Les relations qu'il entretenait avec le parti , autant que les suggestions
de son propre zèle, firent de lui en 1795,
sous la direction du comte de Montgaillard, l'intermédiaire
des relations du prince de Condé avec le général
Pichegru. C'est au quartier-général
d'Altkirch, le 14 août de celte année, qu'il noua les
premières intelligences de l'intrigue qui gagna Pichegru
au parti royaliste,que toutefois le général se montra
résolu, dès l'abord, à ne servir qu'en dehors
de toute coopération de l'étranger et sous certaines
garanties de confiance mutuelle.
Pour mieux masquer ses menées, Fauche-Borel s'installa comme
imprimeur à Strasbourg, d'où il suivait sa négociation
avec Pichegru ; il y fut arrêté le 21 novembre 1795
par ordre du Directoire, qui, instruit de leurs pratiques ne put
toutefois en saisir la moindre preuve propre à établir
judiciairement le complot.
Fauche-Borel n'eut pas plutôt recouvré sa liberté
qu'il se mit en devoir de renouer des intelligences qui désormais
allaient nécessiter de sa part une audace et une habileté
extraordinaires. Des le mois de juin 1796, le Prétendant
(Louis XVIII), avec qui Fauche-Borel avait été mis
en communication directe, chargea le fidèle Neufchâtelois
d'une nouvelle mission près de Pichegru , alors retiré
à Arbois. C'est là qu'aurait été définitivement
entendue entre eux la question de la constitution à donner
par Louis XVIII, comme point de départ de tout concert entre
le général et le Prétendant. Vers le même
temps fut aussi répandue par ses soins, dans l'intérieur
de la France, la Déclaration de Louis XVIII du 10 mars 1797
, dans laquelle ce prince parlait de la constitution de l'Etat et
des améliorations qu'il désirait y introduire en interrogeant
le voeu public à cet égard.
Les élections de l'an V ayant amené Pichegru au conseil
des Cinq Cents, et la présidence de ce conseil lui ayant
été déférée (20 mai 1797), ses
communications avec le parti royaliste prirent plus d'activité
et nécessitèrent la présence de Fauche-Borel
à Paris. Mais, peu de mois après, éclata le
18 fructidor, qui terrassa le parti royaliste au moment où
il croyait triompher ; de plus, la saisie des fourgons du général
Klinglin ne tarda pas à mettre au grand jour la correspondance
de Pichegru, irrécusable témoignage des menées
de Fauche-Borel. Avant toutefois réussi à s'échapper,
ce dernier n'en poursuivit qu'avec plus d'activité ses manoeuvres
à Neufchâtel ; et quand l'invasion de la Suisse par
les Français vint accroître autour de lui les périls,
il nouait, au coeur même de la république, les fils
de l'intrigue dans laquelle entra le directeur Barras
avec quelques agents du cabinet britannique et Pichegru lui-même,
récemment évadé de Cayenne et qui venait de
se rendre à Londres. Fauche-Borel y vint aussi après
avoir traversé Augsbourg, Berlin et Hambourg, et, dès
leurs premières entrevues, ils convinrent de repasser sur
le continent pour combiner leurs manoeuvres avec celles des cabinets
relatives à la formation de la deuxième coalition.
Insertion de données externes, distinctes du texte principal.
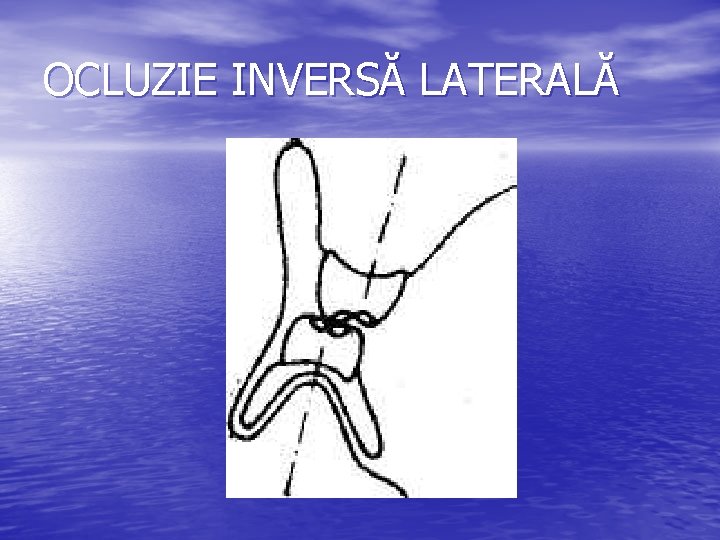 OCLUZIE INVERSĂ LATERALĂ OCLUZIE INVERSĂ LATERALĂ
À Mitau, où il se rendit peu de temps après
avec le marquis de la Maisonfort, Fauche-Borel reçut de Louis
XVIII des lettres patentes destinées à Barras,
à qui la journée du 18 brumaire ne laissa pas le temps
d'effectuer le complot de restauration auquel il donnait les mains.
Plusieurs autres excursions, dans lesquelles nous ne pouvons suivre
Fauche-Borel et le fil de ses intrigues, le rapprochèrent
de Pichegru ; mais il en fut de nouveau séparé par
le sauve qui peut du parti, auquel donnèrent lieu les arrestations
de Baireuth.
De nouveau ramené à Neufchâtel par les intérêts
du parti et les besoins de sa propre sûreté, Fauche-Borel
ne tarda pas à y recevoir une nouvelle mission du Prétendant
près de la police spéciale instituée à
Londres pour diriger de ténébreuses attaques contre
le gouvernement français, alors même que se traitaient
les préparatifs de la paix d'Amiens. De Londres, il fut envoyé
à Paris, comme intermédiaire de l'intrigue déjà
nouée par l'agence royaliste avec Moreau et, quoique arrêté
bientôt après et jeté dans les prisons du Temple,
il n'y suivit pas avec moins d'activité près de ce
général l'objet de sa mission, et il réussit
à le mettre en communication avec Pichegru et Georges Cadoudal.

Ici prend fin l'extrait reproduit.